ボグリボースOD錠0.2mg | 3錠1日3回毎食直前14日分 |
---|---|
アムロジピンOD錠5mg | 1錠1日1回朝食後14日分 |
トラゼンタ錠5mg | 1錠1日1回朝食後14日分 |
ポリスチレンスルホン酸Ca経口ゼリー20%分包25g「三和」 | 1個1日1回夕食後14日分 |
マグミット錠500mg | 3錠1日3回毎食後14日分 |
*eGFR:43.8(CKD重症度分類:G3b)、HbA1c:7.0、マグネシウム値:2.6
<効能効果>
●マグミット錠200mg・250mg・330mg・500mg・細粒83%<酸化マグネシウム>
○下記疾患における制酸作用と症状の改善
胃・十二指腸潰瘍、胃炎(急・慢性胃炎、薬剤性胃炎を含む)、上部消化管機能
異常(神経性食思不振、いわゆる胃下垂症、胃酸過多症を含む)
○便秘症
○尿路蓚酸カルシウム結石の発生予防
●ポリスチレンスルホン酸Ca経口ゼリー20%分包25g「三和」
急性及び慢性腎不全に伴う高カリウム血症
介護施設に入所している患者である。腎機能が悪く、血清カリウム値が上昇し、ポリスチレンスルホン酸カルシウムが処方追加された。
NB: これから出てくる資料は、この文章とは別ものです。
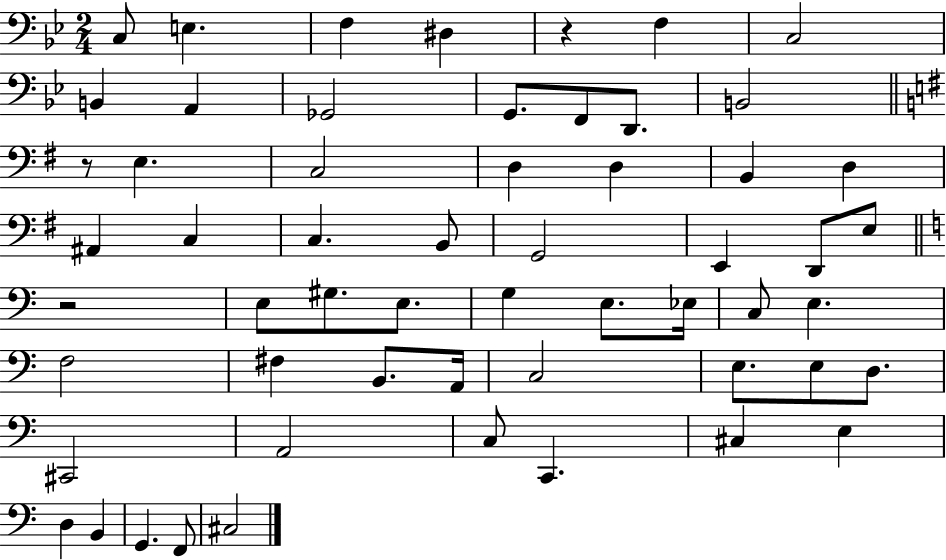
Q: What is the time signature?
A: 2/4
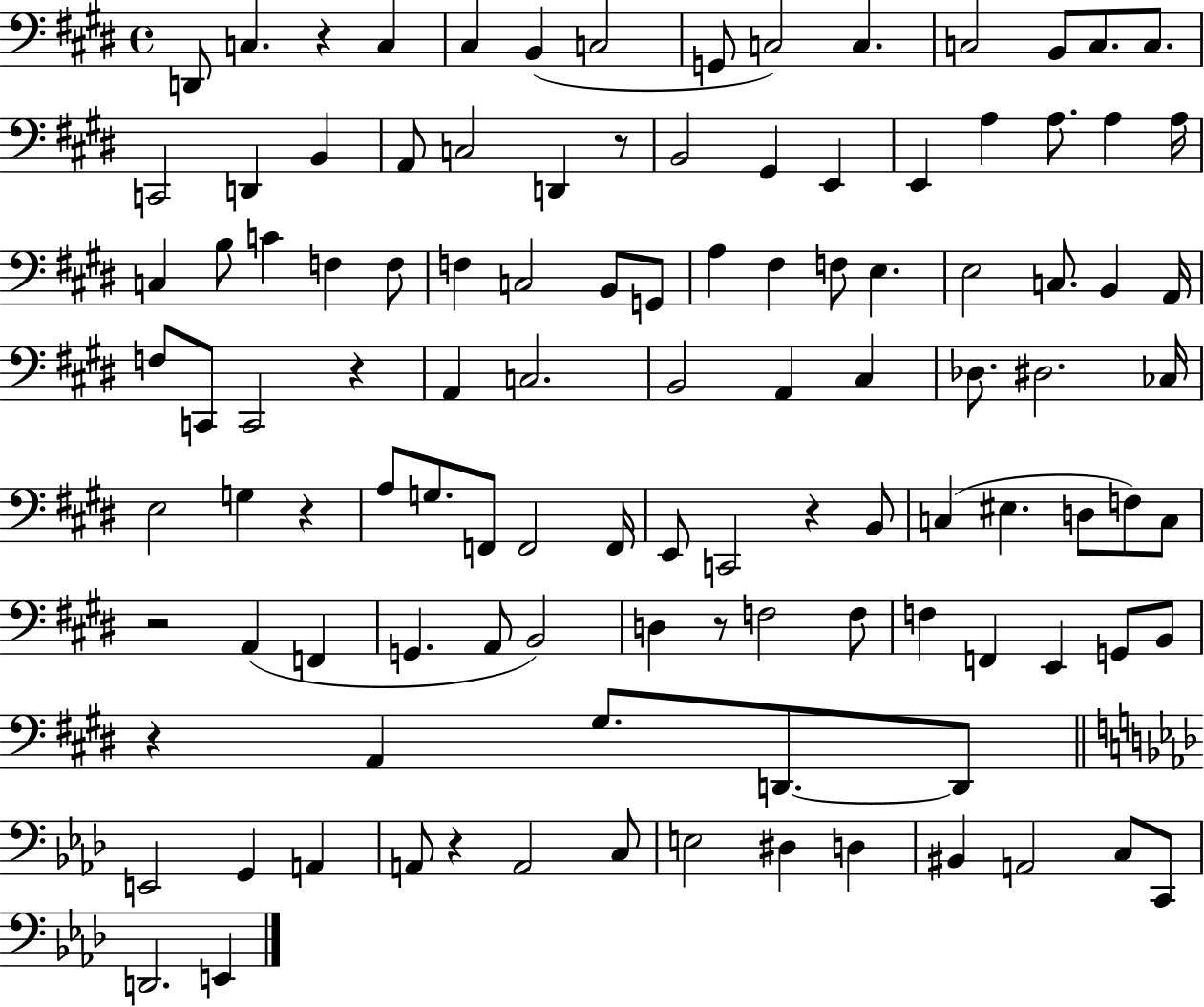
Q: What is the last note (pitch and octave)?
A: E2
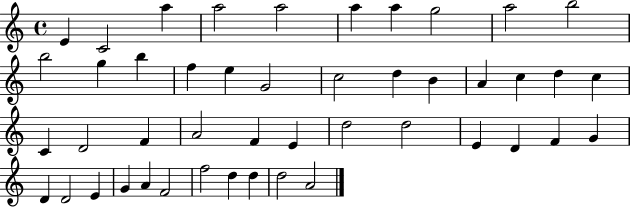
E4/q C4/h A5/q A5/h A5/h A5/q A5/q G5/h A5/h B5/h B5/h G5/q B5/q F5/q E5/q G4/h C5/h D5/q B4/q A4/q C5/q D5/q C5/q C4/q D4/h F4/q A4/h F4/q E4/q D5/h D5/h E4/q D4/q F4/q G4/q D4/q D4/h E4/q G4/q A4/q F4/h F5/h D5/q D5/q D5/h A4/h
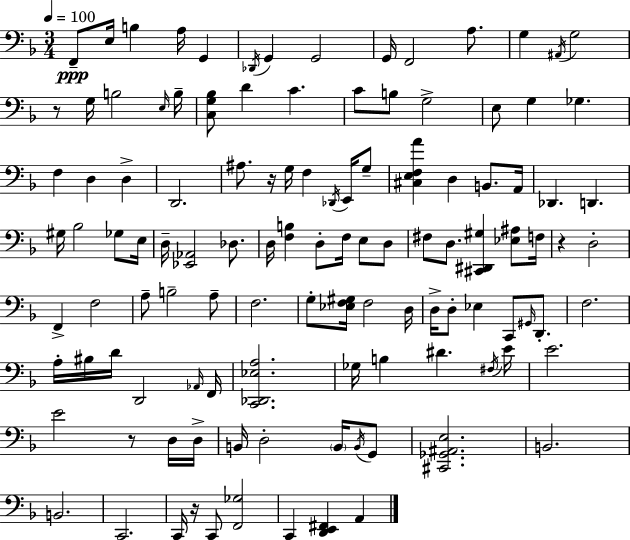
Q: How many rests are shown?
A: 5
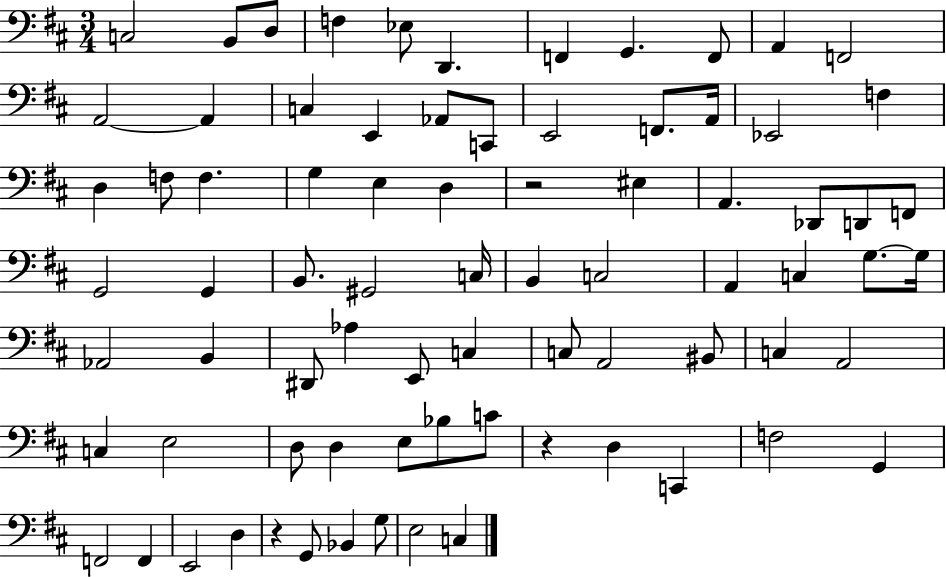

その後、6月ごろまでは血清カリウム値は5.0であったが、9月には5.3、12月には5.6と徐々に上昇し、慢性腎不全患者の目標カリウム値5.5を超えた。四肢の麻痺や脱力感などの副作用症状は現れていなかった。施設の食事内容に大きな変化はなく、薬剤を含めカリウム値が上昇する可能性が見つからなかった。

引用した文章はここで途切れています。